Just kinda curious, could you give some numbers how many tartans did they invent and how many of those would subsequently be adopted as kilts of those families?
Thank you for an excellent video. I’m an anthropologist and this just makes me all discombobulated because it makes me question reality. This is often what knowledge does.
@@scotlandunplugged IN that case could you do something on the history of Duntrune castle? :) Its where we're getting married and where my last name, albeit with different spelling than the family that has been residing there for over 200 years, comes from. That said, Im in love with Scotland and was so surreal to visit Argyll where my ancestors came from. Didnt want to leave so badly I cried. Must be something in the blood. Wonder if thats how my forefather felt when leaving to Eastern Canada? Thanks for your videos!
@@shmac96 it’s your own emotions and how you believe you are connected based on what you are told - we are all fantasist - dreamers though nothing wrong with that
I first read about that it in a John Prebble Book on the history of Scotland. Imagine that Native American culture had been all but eradicated and then reconstructed based on Hollywood movies. Or even better, German-Yugoslavian Winnetou films...
Another fascinating story about long ago and far away 😊 I've got a tartan plaid but, according to what dad said before he passed, it's Irish! I like Scotland much better! ❤Thanks ❤❤
Really interesting. I am the Turnbull tartan. My late sister was the Elliot tarten and hubby's, the Bell tarten. Wasn't it the Turnbulls and the Clan Douglas that were always fighting. Lol. 👍👍👍💯
I had heard that tartan was an invention of the Victorians and Victoria had her household at Balmoral kitted out, but even so I think they look wonderful and colourful, even if they are not strictly traditional. But let’s face it, traditions have to start somewhere and various tartans were popular as basic colourful weaves from all around the world, where clothes were made of woollens and different coloured dyes were woven into fabrics. The beauty of this means that anyone can claim their own tartan legitimately and start their own tradition. I have a tartan blanket that came with my second hand Polo, and as a forester feel obliged to wear tartan checked shirts wherever possible, even though I have only one distant Scottish relative👍
Sighing... I had a cousin pass away last summer whoo wanted to be buried in the family tartan.. kilt, tam, socks, the works... If he had only known... 🤣🙃🤪
Thank you for sharing. So, did the Highlanders wear kilts, and if so, was it more personal choice than Clan colors? I would be interested in your thoughts.
Living well on other people's money! Truly the best way to live. Any deposed government will have these characters pop up ... the TRUE heir to __whatever__ who can usually suck enough money from the exiles pining for the good old days to live quite well. Empress Carlota of Mexico grew up in the Spanish court, listening to the exiles pining about the good old days before the Mexican Revolution sent them back to Spain ... she was a major reason Maximilian took the job as emperor.
I was under the impression that the kilt was completely made up as well, and that William Wallace wore the clothing that every other medieval knight wore with no kilts.

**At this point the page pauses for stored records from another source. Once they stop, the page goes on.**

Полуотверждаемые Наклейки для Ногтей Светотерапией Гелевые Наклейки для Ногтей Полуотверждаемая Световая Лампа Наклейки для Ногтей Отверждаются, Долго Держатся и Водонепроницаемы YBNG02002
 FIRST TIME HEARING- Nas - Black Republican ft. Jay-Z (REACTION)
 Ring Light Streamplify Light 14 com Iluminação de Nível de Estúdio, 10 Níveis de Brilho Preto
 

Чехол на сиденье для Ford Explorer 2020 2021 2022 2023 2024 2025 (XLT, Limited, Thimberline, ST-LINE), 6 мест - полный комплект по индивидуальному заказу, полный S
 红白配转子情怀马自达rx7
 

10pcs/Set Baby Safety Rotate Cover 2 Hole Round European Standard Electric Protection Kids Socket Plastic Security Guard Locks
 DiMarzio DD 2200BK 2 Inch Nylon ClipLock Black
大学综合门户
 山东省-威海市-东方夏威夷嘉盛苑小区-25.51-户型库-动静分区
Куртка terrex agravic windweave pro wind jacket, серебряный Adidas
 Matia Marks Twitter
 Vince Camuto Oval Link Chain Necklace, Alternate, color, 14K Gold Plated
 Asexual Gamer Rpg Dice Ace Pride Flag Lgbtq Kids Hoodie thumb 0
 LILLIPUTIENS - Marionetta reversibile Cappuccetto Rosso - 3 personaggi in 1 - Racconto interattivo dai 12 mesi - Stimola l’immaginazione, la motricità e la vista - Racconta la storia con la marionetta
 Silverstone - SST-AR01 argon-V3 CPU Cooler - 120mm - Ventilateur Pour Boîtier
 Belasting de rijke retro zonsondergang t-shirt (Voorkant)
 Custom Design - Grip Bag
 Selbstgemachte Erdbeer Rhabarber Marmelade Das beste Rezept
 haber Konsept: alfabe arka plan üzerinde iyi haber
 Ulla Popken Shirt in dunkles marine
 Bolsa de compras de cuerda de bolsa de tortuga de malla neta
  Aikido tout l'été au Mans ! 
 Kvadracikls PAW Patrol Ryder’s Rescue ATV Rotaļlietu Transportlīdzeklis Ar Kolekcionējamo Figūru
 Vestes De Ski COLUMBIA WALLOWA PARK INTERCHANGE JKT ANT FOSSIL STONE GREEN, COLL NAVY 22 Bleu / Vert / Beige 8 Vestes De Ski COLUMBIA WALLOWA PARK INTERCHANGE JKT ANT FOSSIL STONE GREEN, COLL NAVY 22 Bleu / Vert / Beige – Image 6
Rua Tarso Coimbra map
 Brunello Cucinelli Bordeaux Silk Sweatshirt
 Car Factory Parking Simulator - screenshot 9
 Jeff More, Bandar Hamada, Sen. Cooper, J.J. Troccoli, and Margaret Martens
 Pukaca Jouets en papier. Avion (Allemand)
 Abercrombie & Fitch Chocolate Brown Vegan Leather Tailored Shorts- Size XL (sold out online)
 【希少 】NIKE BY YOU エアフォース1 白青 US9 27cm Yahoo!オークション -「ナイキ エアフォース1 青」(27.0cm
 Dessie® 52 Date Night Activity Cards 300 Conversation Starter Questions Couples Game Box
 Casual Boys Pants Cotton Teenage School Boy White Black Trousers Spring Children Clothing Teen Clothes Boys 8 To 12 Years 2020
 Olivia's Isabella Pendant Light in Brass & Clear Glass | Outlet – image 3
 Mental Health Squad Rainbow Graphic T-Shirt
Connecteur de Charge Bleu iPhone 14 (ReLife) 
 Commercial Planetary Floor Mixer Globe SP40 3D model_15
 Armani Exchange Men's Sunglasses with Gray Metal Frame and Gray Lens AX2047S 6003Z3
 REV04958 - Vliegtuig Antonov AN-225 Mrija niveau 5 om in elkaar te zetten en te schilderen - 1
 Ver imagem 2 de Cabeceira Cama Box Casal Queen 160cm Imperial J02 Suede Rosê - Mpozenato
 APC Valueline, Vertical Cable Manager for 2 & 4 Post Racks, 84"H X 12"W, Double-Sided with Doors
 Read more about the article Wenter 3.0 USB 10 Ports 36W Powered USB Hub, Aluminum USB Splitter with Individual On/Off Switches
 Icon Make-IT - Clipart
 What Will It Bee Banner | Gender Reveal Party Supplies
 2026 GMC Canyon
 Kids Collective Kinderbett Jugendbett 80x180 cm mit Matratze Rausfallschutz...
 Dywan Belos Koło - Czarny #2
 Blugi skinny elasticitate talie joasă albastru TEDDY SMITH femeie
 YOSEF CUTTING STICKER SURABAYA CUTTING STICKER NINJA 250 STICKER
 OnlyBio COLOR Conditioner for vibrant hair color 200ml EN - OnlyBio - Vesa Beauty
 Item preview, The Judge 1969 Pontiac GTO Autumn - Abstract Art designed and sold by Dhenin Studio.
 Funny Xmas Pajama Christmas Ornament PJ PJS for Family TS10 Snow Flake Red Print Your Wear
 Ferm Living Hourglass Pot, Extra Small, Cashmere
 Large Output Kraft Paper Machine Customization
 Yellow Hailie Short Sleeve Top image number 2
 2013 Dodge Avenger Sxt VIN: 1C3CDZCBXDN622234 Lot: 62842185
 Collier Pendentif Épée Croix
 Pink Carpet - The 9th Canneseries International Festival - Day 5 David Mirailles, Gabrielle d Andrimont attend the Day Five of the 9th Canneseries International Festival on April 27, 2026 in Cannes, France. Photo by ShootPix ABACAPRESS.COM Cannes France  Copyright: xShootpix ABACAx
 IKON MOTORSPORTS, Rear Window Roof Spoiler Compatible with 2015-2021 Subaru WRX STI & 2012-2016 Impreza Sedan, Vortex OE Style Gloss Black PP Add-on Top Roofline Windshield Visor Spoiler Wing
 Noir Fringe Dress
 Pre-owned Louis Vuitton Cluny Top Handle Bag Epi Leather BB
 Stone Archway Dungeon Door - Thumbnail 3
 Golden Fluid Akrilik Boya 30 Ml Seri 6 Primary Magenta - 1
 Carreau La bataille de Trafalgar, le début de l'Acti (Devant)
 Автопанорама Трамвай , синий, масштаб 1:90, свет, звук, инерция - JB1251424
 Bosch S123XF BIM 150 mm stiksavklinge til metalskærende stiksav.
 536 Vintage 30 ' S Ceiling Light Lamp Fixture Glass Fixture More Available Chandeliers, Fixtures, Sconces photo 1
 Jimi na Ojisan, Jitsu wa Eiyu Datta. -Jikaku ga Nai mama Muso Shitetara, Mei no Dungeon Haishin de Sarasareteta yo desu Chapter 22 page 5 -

He’d probably have worn chain mail, but definitely no kilt. The kilt dates back to around the 16th century and was worn by highlanders. It probably came about because of easier access to wool. Ironically, the thing that killed off a lot of highland culture. There’s a video on the channel from last summer. Will do another soon on the great kilt.
@@scotlandunplugged Hello! Glad to hear that you're looking at doing a video on the great kilt. I've worn one as my clothes for over a year, I've blended in to the Edinburgh landscape, just the "odd man in a blanket". Interested to see what you uncover!
Yes, all tartans were made up at some time by somebody- as is every other human device. It’s when you start peddling your invention as a centuries old tradition that it becomes a fraud. But with cultural symbols, if enough people adopt them, they become true. The clan tartan tradition has been going on now for something like 200 years. That’s not the same as a thousand years, but it’s still multiple generations of people adopting the talismans. I’d call that a tradition.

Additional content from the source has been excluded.